The Minister’s reaffirmation came as he addressed the opening of the Fifteenth Meeting of the COHSOD on Thursday 19 October at the Le Meridien Pegasus Hotel in Georgetown, Guyana. The three-day meeting is being held under the theme: Investing in Human Resources with Equity, with Special Reference to Education and Labour.

Pointing to the theme of the Meeting, the COHSOD Chair underscored its importance in light of the Region’s thrust towards social and economic integration through the CARICOM Single Market and Economy (CSME). Given the anticipated flow of persons who will move freely across the Region under the CSME, Minister Wood said this “raised critical issues pertaining to labour and education.”

Deputy Director of the International Labour Organisation (ILO) Sub-regional Office for the Caribbean, Ms Mary Read, who delivered the feature address, gave an overview of the Region’s position on the global scale in relation to labour and education.
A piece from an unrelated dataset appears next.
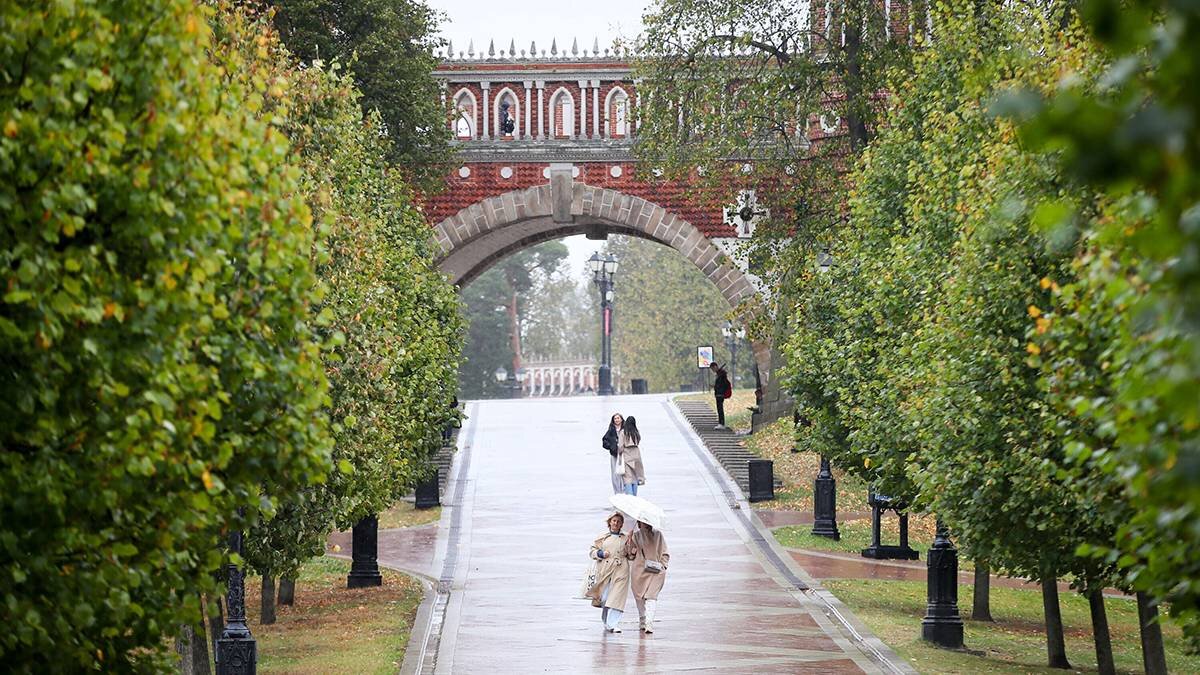    Фото: Василий Кузьмиченок / АГН Москва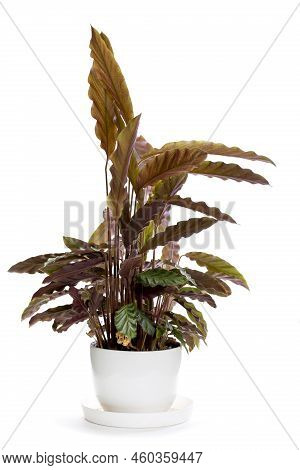 Bush Room Calathea Rufibarba In A Pot On A White Background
She pointed out that unemployment was of particular concern to the ILO, and noted that women are almost three times as affected as men in this area. Ms Read said though the Region had recorded modest growth since 2000, this had failed to change the unemployment scenario, which pointed to the need to achieve economic growth that also included employment growth.

On the issue of education, the ILO official said, “There is wide spread agreement that the populations of the countries of the Caribbean are much more highly educated than in the past. This has not however translated itself into a better, more productive and competitive workforce.”

She referred to a number of areas in education and labour which have been modelled by countries outside of the Region from which the Caribbean can take pattern. These included the education sector taking into account “the types of skills and the diversity of skills required so that the population can find and keep productive and competitive work.”